* ASSIGNMENT
Each line from the first down to the one containing "Toyota Aygo 1.0" should be returned exactly as it appears below.

---- SUPPLIED MATERIAL

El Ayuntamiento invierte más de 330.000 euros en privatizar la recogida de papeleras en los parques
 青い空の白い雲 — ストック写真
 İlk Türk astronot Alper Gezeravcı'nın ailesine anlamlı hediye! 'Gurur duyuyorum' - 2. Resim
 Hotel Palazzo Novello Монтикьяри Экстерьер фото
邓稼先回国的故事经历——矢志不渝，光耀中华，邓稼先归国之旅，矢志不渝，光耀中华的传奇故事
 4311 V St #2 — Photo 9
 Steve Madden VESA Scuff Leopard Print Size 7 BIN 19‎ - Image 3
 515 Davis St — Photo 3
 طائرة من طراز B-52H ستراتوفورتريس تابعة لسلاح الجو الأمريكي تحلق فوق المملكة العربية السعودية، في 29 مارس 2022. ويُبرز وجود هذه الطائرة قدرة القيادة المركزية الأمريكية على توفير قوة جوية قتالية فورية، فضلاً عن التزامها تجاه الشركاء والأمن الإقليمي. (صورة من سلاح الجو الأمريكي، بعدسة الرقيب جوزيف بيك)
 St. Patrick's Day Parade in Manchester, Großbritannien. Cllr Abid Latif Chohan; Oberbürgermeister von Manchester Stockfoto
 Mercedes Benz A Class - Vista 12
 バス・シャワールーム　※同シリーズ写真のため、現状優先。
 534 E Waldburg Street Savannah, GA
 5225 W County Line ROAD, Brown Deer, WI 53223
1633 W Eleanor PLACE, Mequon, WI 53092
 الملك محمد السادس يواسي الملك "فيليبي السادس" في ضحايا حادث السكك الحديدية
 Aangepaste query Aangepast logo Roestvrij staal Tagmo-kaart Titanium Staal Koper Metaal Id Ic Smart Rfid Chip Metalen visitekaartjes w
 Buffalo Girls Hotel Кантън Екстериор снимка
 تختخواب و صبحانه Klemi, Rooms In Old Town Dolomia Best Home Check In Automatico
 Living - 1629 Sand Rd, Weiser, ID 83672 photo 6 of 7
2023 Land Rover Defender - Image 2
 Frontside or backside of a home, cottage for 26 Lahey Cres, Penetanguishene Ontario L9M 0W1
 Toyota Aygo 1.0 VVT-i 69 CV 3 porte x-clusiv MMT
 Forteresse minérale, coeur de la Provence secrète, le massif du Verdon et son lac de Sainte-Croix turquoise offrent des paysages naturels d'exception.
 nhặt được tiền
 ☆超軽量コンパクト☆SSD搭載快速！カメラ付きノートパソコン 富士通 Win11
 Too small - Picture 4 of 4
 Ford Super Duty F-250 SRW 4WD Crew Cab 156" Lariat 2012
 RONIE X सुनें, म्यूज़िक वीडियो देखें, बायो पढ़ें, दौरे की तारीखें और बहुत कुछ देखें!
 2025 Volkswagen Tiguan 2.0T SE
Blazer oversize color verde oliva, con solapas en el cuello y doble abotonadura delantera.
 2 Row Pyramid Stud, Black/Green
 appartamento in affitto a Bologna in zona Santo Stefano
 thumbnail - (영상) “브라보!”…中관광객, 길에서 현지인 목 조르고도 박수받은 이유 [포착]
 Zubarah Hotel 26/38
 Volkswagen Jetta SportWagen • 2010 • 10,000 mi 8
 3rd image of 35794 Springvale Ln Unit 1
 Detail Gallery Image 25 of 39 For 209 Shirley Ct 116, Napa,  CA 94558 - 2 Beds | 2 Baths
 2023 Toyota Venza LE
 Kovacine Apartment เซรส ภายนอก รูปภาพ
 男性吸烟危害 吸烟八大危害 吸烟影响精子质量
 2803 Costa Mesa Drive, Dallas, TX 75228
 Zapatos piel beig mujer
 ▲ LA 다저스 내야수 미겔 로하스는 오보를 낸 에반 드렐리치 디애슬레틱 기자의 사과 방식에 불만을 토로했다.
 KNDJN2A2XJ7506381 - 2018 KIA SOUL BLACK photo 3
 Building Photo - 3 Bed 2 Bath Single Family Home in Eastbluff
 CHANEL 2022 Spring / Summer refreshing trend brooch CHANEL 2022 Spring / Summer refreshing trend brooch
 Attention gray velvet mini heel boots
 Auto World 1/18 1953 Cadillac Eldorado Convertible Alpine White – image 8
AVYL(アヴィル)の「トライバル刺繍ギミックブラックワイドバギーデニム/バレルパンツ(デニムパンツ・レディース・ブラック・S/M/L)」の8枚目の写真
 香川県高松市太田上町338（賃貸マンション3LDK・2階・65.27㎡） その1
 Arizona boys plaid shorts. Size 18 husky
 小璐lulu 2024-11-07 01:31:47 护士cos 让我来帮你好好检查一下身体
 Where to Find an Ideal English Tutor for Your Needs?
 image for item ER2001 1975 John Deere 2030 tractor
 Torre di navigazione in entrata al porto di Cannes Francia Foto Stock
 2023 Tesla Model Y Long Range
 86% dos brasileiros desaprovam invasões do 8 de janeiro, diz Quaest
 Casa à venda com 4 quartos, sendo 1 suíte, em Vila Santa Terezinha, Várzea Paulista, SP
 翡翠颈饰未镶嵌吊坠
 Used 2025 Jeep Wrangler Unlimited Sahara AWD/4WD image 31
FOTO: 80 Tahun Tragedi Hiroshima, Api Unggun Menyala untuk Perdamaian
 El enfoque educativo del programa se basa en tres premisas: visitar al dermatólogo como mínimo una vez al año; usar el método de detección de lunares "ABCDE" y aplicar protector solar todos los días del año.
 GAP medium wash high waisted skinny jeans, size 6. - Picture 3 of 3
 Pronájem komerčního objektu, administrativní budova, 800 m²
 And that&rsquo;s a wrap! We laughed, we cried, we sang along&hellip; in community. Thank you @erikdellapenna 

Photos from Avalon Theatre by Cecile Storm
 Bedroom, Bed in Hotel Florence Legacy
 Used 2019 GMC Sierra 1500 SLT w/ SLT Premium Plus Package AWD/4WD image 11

--------

* SOLVED PROBLEM
El Ayuntamiento invierte más de 330.000 euros en privatizar la recogida de papeleras en los parques
 青い空の白い雲 — ストック写真
 İlk Türk astronot Alper Gezeravcı'nın ailesine anlamlı hediye! 'Gurur duyuyorum' - 2. Resim
 Hotel Palazzo Novello Монтикьяри Экстерьер фото
邓稼先回国的故事经历——矢志不渝，光耀中华，邓稼先归国之旅，矢志不渝，光耀中华的传奇故事
 4311 V St #2 — Photo 9
 Steve Madden VESA Scuff Leopard Print Size 7 BIN 19‎ - Image 3
 515 Davis St — Photo 3
 طائرة من طراز B-52H ستراتوفورتريس تابعة لسلاح الجو الأمريكي تحلق فوق المملكة العربية السعودية، في 29 مارس 2022. ويُبرز وجود هذه الطائرة قدرة القيادة المركزية الأمريكية على توفير قوة جوية قتالية فورية، فضلاً عن التزامها تجاه الشركاء والأمن الإقليمي. (صورة من سلاح الجو الأمريكي، بعدسة الرقيب جوزيف بيك)
 St. Patrick's Day Parade in Manchester, Großbritannien. Cllr Abid Latif Chohan; Oberbürgermeister von Manchester Stockfoto
 Mercedes Benz A Class - Vista 12
 バス・シャワールーム　※同シリーズ写真のため、現状優先。
 534 E Waldburg Street Savannah, GA
 5225 W County Line ROAD, Brown Deer, WI 53223
1633 W Eleanor PLACE, Mequon, WI 53092
 الملك محمد السادس يواسي الملك "فيليبي السادس" في ضحايا حادث السكك الحديدية
 Aangepaste query Aangepast logo Roestvrij staal Tagmo-kaart Titanium Staal Koper Metaal Id Ic Smart Rfid Chip Metalen visitekaartjes w
 Buffalo Girls Hotel Кантън Екстериор снимка
 تختخواب و صبحانه Klemi, Rooms In Old Town Dolomia Best Home Check In Automatico
 Living - 1629 Sand Rd, Weiser, ID 83672 photo 6 of 7
2023 Land Rover Defender - Image 2
 Frontside or backside of a home, cottage for 26 Lahey Cres, Penetanguishene Ontario L9M 0W1
 Toyota Aygo 1.0 VVT-i 69 CV 3 porte x-clusiv MMT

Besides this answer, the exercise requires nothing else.